[Collected data]
════════════════════

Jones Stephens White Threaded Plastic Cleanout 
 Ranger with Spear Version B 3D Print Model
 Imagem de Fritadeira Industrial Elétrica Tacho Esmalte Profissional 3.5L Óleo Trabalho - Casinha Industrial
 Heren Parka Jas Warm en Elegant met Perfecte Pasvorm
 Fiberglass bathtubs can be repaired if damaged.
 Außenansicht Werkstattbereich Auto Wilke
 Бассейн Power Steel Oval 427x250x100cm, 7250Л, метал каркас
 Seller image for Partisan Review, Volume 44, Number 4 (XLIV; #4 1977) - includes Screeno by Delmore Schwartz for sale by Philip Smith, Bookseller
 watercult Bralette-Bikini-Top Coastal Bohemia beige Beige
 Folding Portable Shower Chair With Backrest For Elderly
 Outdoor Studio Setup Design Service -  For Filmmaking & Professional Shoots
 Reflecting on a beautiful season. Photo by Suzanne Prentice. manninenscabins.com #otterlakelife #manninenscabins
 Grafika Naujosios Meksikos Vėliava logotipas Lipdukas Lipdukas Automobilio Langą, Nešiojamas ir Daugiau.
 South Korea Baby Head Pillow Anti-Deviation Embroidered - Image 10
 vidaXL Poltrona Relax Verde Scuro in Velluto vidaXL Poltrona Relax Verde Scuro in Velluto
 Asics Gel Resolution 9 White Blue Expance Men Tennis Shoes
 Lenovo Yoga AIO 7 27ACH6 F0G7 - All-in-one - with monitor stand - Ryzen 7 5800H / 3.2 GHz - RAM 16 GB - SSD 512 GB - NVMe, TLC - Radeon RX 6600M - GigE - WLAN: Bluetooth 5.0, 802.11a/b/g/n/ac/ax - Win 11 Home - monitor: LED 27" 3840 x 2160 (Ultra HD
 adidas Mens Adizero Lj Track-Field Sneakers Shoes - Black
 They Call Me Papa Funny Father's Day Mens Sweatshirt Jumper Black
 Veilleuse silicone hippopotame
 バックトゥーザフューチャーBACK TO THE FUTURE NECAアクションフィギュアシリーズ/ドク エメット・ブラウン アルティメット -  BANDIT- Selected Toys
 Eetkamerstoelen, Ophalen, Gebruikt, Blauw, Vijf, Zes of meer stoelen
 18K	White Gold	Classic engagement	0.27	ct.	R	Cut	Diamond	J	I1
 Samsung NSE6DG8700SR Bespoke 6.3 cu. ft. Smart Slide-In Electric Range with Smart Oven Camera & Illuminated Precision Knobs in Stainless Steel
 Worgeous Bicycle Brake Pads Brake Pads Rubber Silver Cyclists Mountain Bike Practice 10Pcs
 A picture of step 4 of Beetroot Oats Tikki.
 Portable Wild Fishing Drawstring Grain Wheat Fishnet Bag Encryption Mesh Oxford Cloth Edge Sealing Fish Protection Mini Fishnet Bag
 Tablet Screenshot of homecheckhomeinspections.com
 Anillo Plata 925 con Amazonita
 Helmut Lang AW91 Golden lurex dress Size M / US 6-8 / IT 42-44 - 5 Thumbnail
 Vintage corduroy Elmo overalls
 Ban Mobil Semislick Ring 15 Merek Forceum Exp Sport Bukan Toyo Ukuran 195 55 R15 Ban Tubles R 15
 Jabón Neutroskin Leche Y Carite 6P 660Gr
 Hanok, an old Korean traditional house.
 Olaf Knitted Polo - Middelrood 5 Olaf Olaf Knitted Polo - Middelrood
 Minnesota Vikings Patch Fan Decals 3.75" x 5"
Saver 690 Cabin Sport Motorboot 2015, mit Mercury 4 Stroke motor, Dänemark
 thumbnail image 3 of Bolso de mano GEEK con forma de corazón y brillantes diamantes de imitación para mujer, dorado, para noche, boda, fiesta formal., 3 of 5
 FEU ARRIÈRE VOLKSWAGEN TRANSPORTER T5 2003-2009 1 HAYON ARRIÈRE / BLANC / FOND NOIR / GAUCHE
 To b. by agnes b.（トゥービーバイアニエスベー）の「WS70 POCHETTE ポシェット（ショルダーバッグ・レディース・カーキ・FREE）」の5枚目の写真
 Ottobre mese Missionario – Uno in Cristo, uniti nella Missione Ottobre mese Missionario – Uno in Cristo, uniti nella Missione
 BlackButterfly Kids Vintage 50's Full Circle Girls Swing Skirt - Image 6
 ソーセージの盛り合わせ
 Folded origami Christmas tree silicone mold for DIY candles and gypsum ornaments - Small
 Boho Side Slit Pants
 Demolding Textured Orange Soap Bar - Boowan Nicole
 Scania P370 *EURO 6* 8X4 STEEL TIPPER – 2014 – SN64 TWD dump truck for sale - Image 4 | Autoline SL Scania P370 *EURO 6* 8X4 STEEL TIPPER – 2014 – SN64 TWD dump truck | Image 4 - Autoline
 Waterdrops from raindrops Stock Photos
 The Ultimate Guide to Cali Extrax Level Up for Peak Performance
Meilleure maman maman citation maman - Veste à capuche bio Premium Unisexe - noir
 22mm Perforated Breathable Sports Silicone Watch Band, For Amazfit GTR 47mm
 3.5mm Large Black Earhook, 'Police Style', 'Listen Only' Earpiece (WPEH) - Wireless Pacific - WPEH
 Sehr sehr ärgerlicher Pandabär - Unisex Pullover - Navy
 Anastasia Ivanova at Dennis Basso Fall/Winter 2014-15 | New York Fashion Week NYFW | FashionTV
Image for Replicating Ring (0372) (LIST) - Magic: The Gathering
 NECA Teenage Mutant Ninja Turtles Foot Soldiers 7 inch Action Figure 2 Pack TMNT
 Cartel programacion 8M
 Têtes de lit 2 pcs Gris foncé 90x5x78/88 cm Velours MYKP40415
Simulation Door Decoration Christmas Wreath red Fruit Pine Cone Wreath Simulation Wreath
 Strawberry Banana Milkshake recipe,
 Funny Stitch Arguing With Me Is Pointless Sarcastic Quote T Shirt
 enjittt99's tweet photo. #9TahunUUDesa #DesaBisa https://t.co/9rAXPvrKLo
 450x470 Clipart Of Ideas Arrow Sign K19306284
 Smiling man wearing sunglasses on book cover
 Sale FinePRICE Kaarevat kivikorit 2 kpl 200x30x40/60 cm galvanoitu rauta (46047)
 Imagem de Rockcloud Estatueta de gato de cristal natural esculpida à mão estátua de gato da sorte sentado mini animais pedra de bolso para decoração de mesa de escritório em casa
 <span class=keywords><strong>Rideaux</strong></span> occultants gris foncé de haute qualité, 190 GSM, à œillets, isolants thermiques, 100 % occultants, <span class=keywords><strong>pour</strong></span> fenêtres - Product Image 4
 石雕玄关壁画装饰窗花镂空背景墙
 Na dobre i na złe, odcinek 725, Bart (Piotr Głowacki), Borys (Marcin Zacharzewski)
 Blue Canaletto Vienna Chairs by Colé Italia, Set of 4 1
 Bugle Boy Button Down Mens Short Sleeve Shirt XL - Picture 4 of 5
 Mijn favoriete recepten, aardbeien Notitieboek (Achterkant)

════════════════════

_TASK_
Output the line containing "Têtes de lit" together with all later lines of the entries, exactly as written, through the final line.

_SOLUTION BELOW_
 Têtes de lit 2 pcs Gris foncé 90x5x78/88 cm Velours MYKP40415
Simulation Door Decoration Christmas Wreath red Fruit Pine Cone Wreath Simulation Wreath
 Strawberry Banana Milkshake recipe,
 Funny Stitch Arguing With Me Is Pointless Sarcastic Quote T Shirt
 enjittt99's tweet photo. #9TahunUUDesa #DesaBisa https://t.co/9rAXPvrKLo
 450x470 Clipart Of Ideas Arrow Sign K19306284
 Smiling man wearing sunglasses on book cover
 Sale FinePRICE Kaarevat kivikorit 2 kpl 200x30x40/60 cm galvanoitu rauta (46047)
 Imagem de Rockcloud Estatueta de gato de cristal natural esculpida à mão estátua de gato da sorte sentado mini animais pedra de bolso para decoração de mesa de escritório em casa
 <span class=keywords><strong>Rideaux</strong></span> occultants gris foncé de haute qualité, 190 GSM, à œillets, isolants thermiques, 100 % occultants, <span class=keywords><strong>pour</strong></span> fenêtres - Product Image 4
 石雕玄关壁画装饰窗花镂空背景墙
 Na dobre i na złe, odcinek 725, Bart (Piotr Głowacki), Borys (Marcin Zacharzewski)
 Blue Canaletto Vienna Chairs by Colé Italia, Set of 4 1
 Bugle Boy Button Down Mens Short Sleeve Shirt XL - Picture 4 of 5
 Mijn favoriete recepten, aardbeien Notitieboek (Achterkant)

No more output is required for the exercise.